A Perceptually-Validated Metric for Crowd Trajectory Quality Evaluation
This work addresses the challenge of assessing simulation quality for researchers and practitioners in crowd modeling, but it is incremental as it integrates existing strategies into a new metric.
The authors tackled the problem of evaluating crowd trajectory quality in simulations by proposing a metric QF that abstracts from reference data and captures perceptual realism features, validated through an online experiment showing high agreement with non-expert users and applied for parameter tuning in crowd motion models.

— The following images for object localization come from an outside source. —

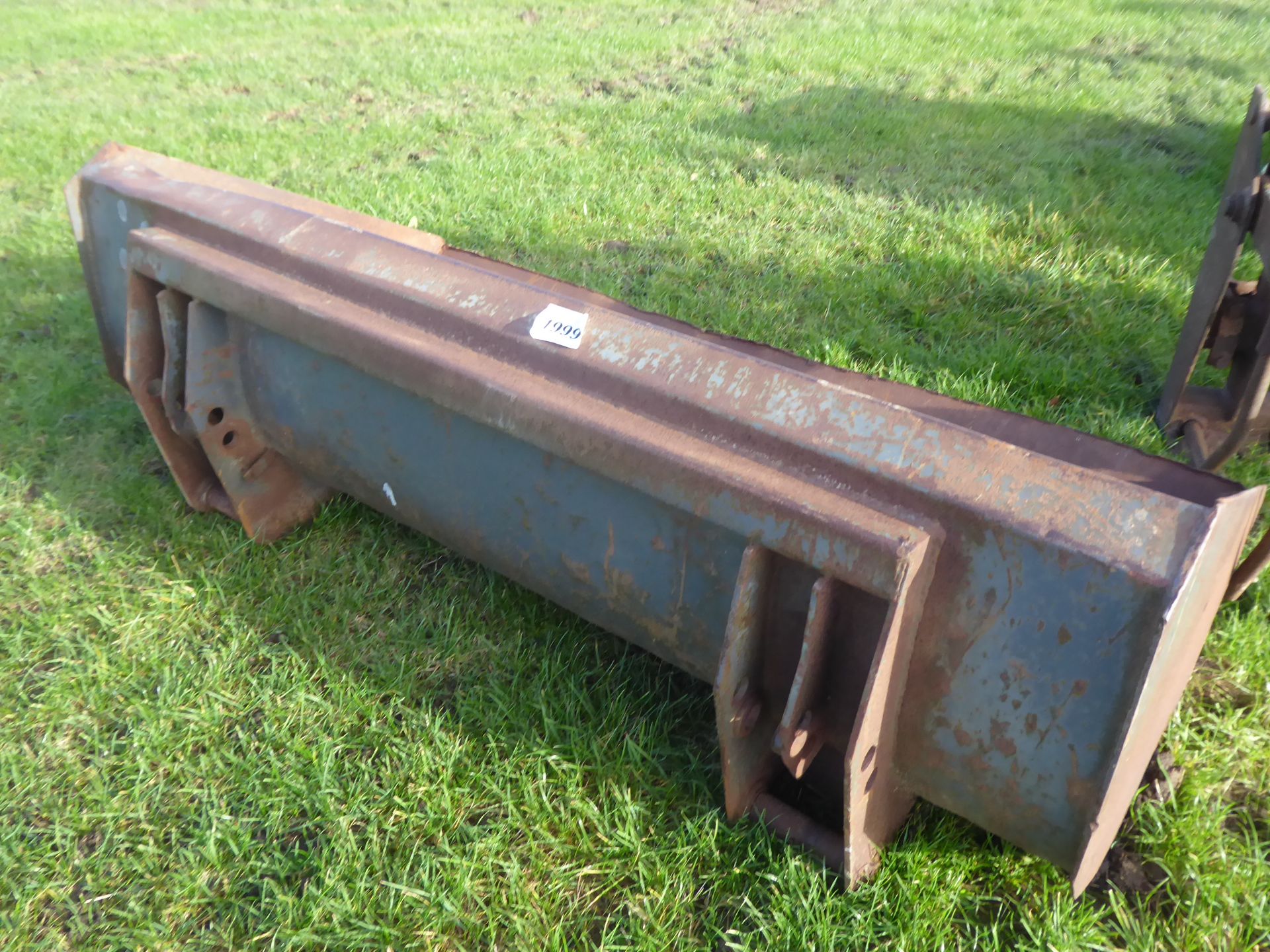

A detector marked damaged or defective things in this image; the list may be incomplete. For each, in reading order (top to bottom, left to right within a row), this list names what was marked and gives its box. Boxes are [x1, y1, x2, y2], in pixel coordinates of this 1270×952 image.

rusty metal surface [71, 141, 1270, 893]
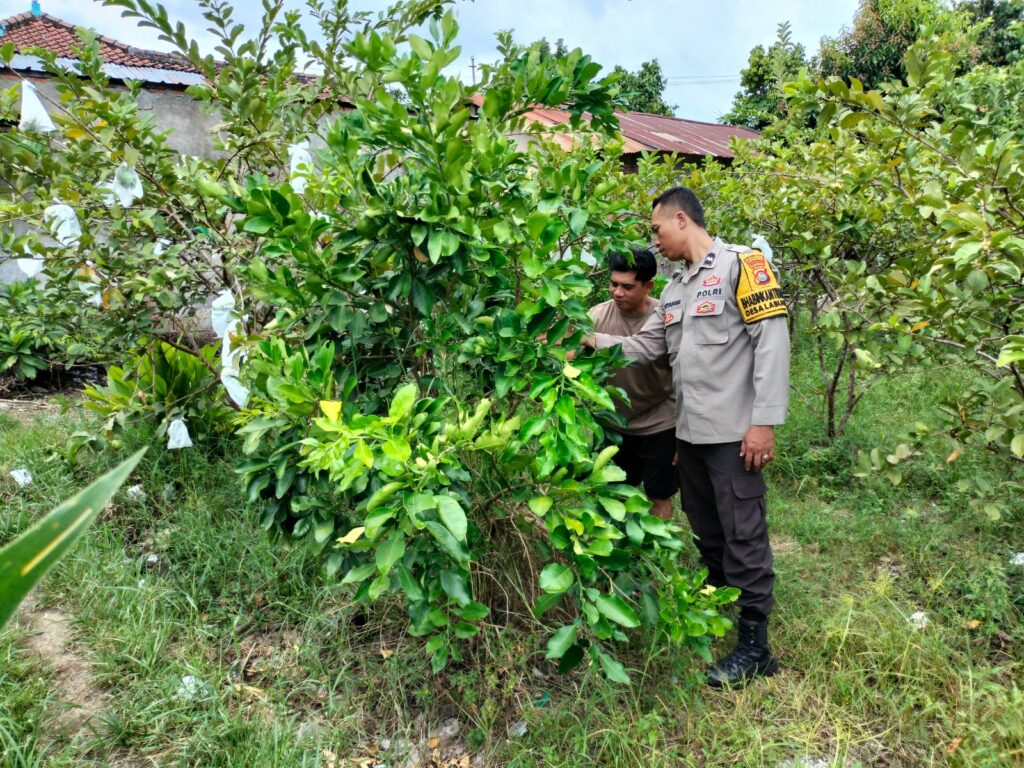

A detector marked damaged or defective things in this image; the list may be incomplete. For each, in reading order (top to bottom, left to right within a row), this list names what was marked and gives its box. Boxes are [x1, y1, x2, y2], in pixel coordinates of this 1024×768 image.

rusty metal roof [0, 11, 198, 75]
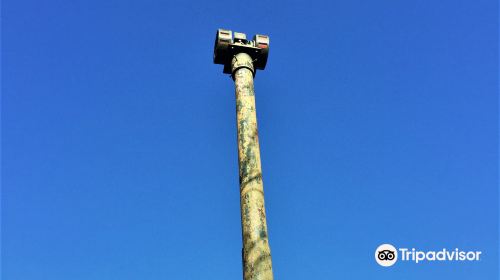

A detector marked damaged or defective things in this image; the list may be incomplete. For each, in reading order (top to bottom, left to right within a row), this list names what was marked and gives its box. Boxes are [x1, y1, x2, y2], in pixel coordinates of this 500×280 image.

rusty metal fixture [212, 29, 272, 280]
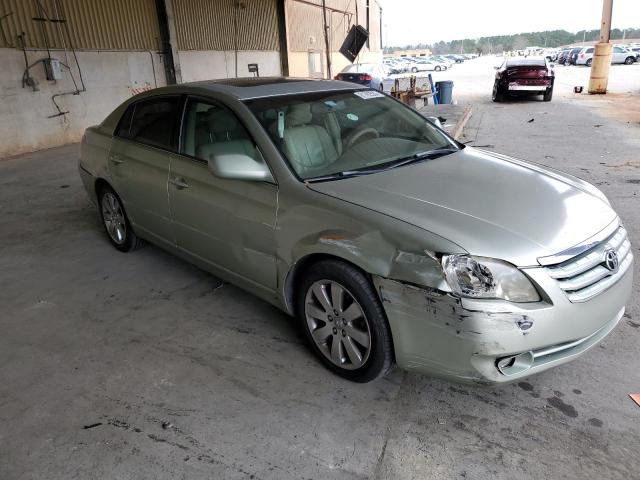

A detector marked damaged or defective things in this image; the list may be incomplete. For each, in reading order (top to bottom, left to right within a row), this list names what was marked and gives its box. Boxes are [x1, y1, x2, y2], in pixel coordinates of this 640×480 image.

broken headlight [442, 256, 536, 302]
cracked bumper [372, 266, 632, 386]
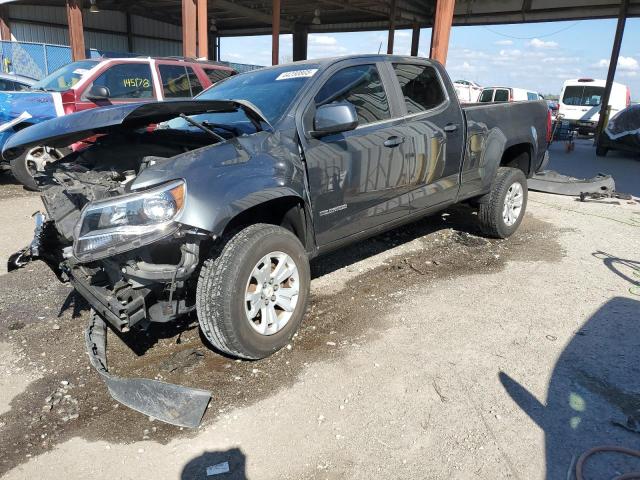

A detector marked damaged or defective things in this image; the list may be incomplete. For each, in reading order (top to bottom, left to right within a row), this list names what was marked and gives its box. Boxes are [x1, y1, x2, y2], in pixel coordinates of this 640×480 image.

damaged headlight [75, 180, 186, 262]
damaged car [5, 54, 552, 370]
broken plastic piece [528, 171, 616, 197]
broken plastic piece [83, 312, 210, 428]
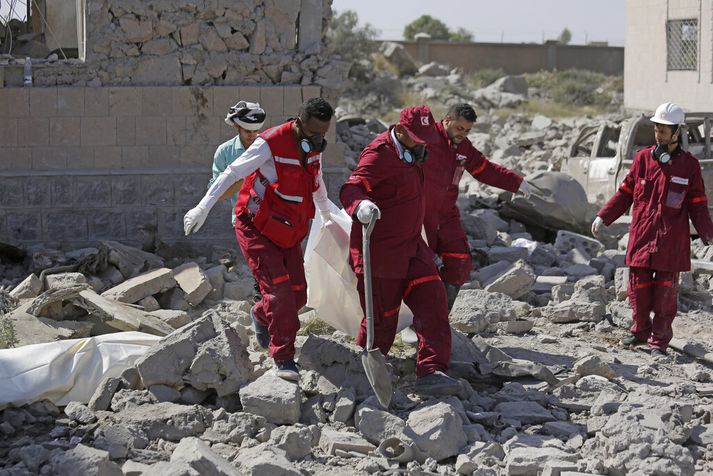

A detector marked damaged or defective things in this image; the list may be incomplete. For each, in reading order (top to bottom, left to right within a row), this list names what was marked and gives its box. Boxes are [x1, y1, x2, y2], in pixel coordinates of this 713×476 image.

damaged wall [0, 0, 348, 249]
damaged vehicle [560, 113, 712, 208]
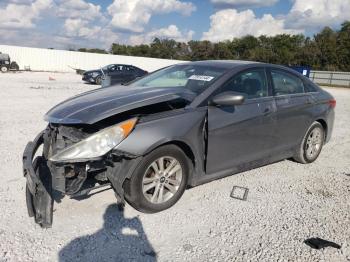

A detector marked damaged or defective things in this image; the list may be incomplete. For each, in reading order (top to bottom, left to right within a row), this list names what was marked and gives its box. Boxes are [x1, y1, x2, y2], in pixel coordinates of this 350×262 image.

crushed front end [23, 123, 142, 227]
front bumper damage [23, 127, 142, 227]
broken headlight [49, 118, 137, 162]
dented hood [44, 85, 196, 124]
damaged gray sedan [23, 61, 334, 227]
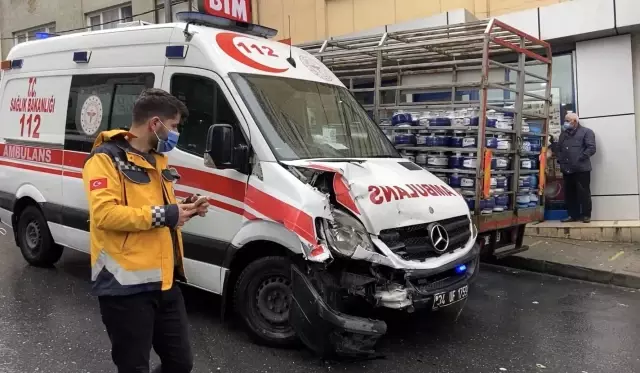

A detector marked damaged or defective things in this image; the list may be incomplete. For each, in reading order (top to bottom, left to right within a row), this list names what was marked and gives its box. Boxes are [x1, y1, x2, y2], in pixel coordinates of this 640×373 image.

broken headlight [320, 208, 376, 258]
crumpled hood [284, 158, 470, 234]
damaged front bumper [290, 243, 480, 356]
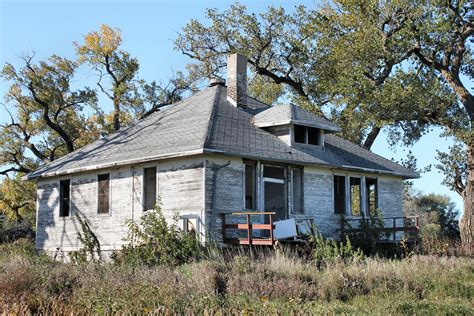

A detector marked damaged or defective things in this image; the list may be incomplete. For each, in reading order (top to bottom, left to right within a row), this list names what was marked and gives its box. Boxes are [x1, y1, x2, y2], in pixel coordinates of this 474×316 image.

broken window [294, 124, 324, 147]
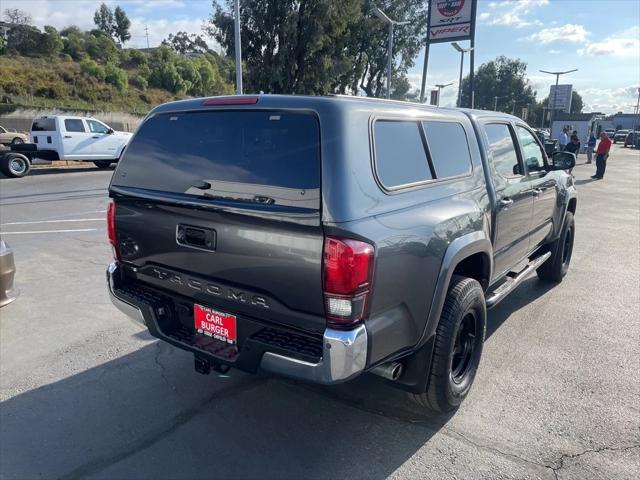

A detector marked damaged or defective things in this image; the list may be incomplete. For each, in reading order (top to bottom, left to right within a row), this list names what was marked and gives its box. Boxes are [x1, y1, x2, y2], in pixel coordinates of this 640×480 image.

Simulating crowds requires controlling a very large number of trajectories and is usually performed using crowd motion algorithms for which appropriate parameter values need to be found. The study of the relation between parametric values for simulation techniques and the quality of the resulting trajectories has been studied either through perceptual experiments or by comparison with real crowd trajectories. In this paper, we integrate both strategies. A quality metric, QF, is proposed to abstract from reference data while capturing the most salient features that affect the perception of trajectory realism. QF weights and combines cost functions that are based on several individual, local and global properties of trajectories. These trajectory features are selected from the literature and from interviews with experts. To validate the capacity of QF to capture perceived trajectory quality, we conduct an online experiment that demonstrates the high agreement between the automatic quality score and non-expert users. To further demonstrate the usefulness of QF, we use it in a data-free parameter tuning application able to tune any parametric microscopic crowd simulation model that outputs independent trajectories for characters. The learnt parameters for the tuned crowd motion model maintain the influence of the reference data which was used to weight the terms of QF.